Tech companies pledge protection of student data

by in Personal Tech.

Adam Berry/Getty Images

Adam Berry/Getty Images

The issue of how to manage student data and privacy as education technology advances is rippling through U.S. states and becoming a growing concern on a federal level. The management of information about children has garnered a brighter spotlight since Edward Snowden’s NSA revelations in June 2013, as well as with parents increasingly concerned about the use of their children’s data for advertising purposes. Even more so as web-based applications and cloud services integrate into educational processes.

California passed a “landmark” student data privacy law in late September, with the legislation itself heralded as one of the most progressive measures enacted to regulate the use of student data. The Student Online Personal Information Protection Act (SOPIPA) prohibits technology companies that operate online educational services from using student data and selling it to third parties to target advertising to students.
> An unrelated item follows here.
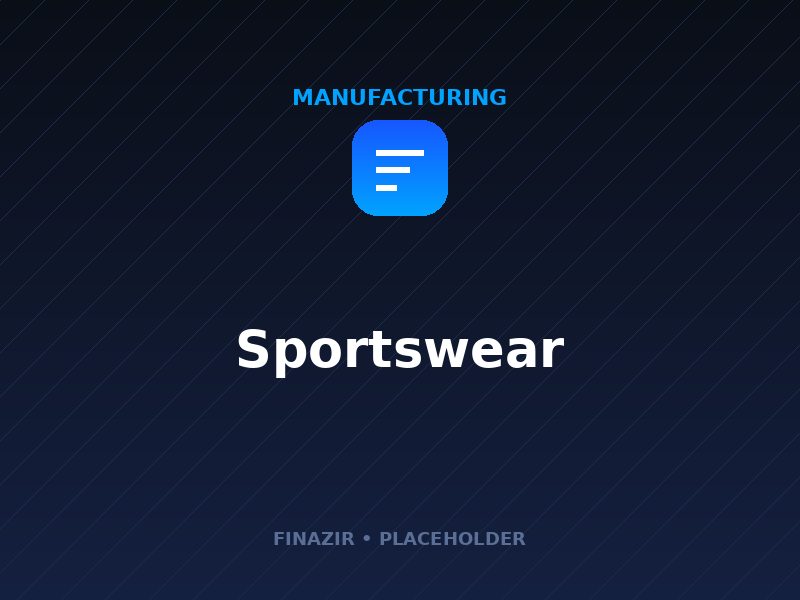Sports Wear manufacturing by Finazir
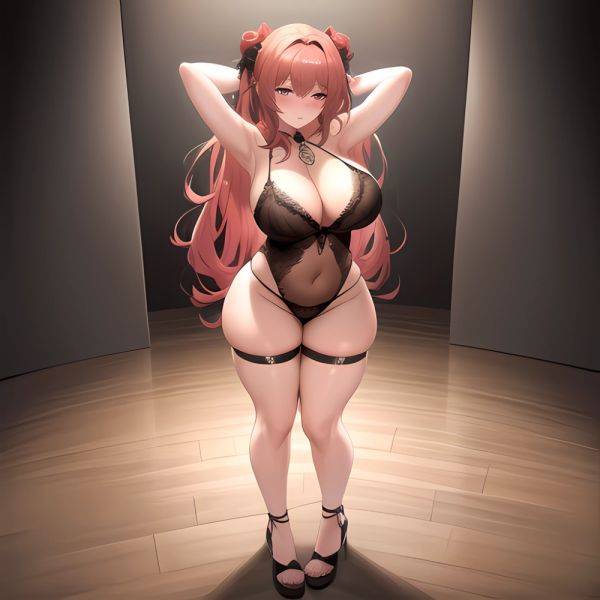 Sexy Naughty Lingerie Big Ass Thick Thighs Absurdres Blush 1 1 Highres Detail Masterpiece Best Quality Hyper Detailed 8k Best, 666553972 - AI Hentai - aihentai.co on pornintellect.com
It also prohibits these companies from amassing profiles on students for non-educational purposes.

Source: Bureau of Labor Statistics

Source: Bureau of Labor Statistics

While other states are working on similar legislation, some technology companies themselves have just come forward to pledge their protection of student data and their dedication to ensuring against its use for advertising targeting, etc. The companies on board are comprised of some big names in education tech in the U.S. – Microsoft is among them. The pledge has been drafted in conjunction with the think tank Future of Privacy Forum, and trade group Software & Information Industry Association.

One of the specific measures the pledge prohibits is the one of selling information of students in kindergarten through 12th grade. But privacy advocates are already decrying the pledge as insufficient in the face of widespread misuse of the data of young people on the internet. Indeed, Yelp just settled with the Federal Trade Commission for violating child privacy rules, and Google has been under fire — specifically in California — for potentially violating student data laws as well as wiretap laws. One of the main complaints of privacy advocates is that not enough “big tech” companies (i.e. Google and Apple) have signed on.

The debate will likely rage until state and/or federal laws can catch up to the integration of virtual technologies in school systems. Necessarily, companies like Google will have to be on board to really set parents’ minds at ease. But until then, a mixture of private pledges and public government-based efforts will seemingly have to combine to ensure against children’s data misuse.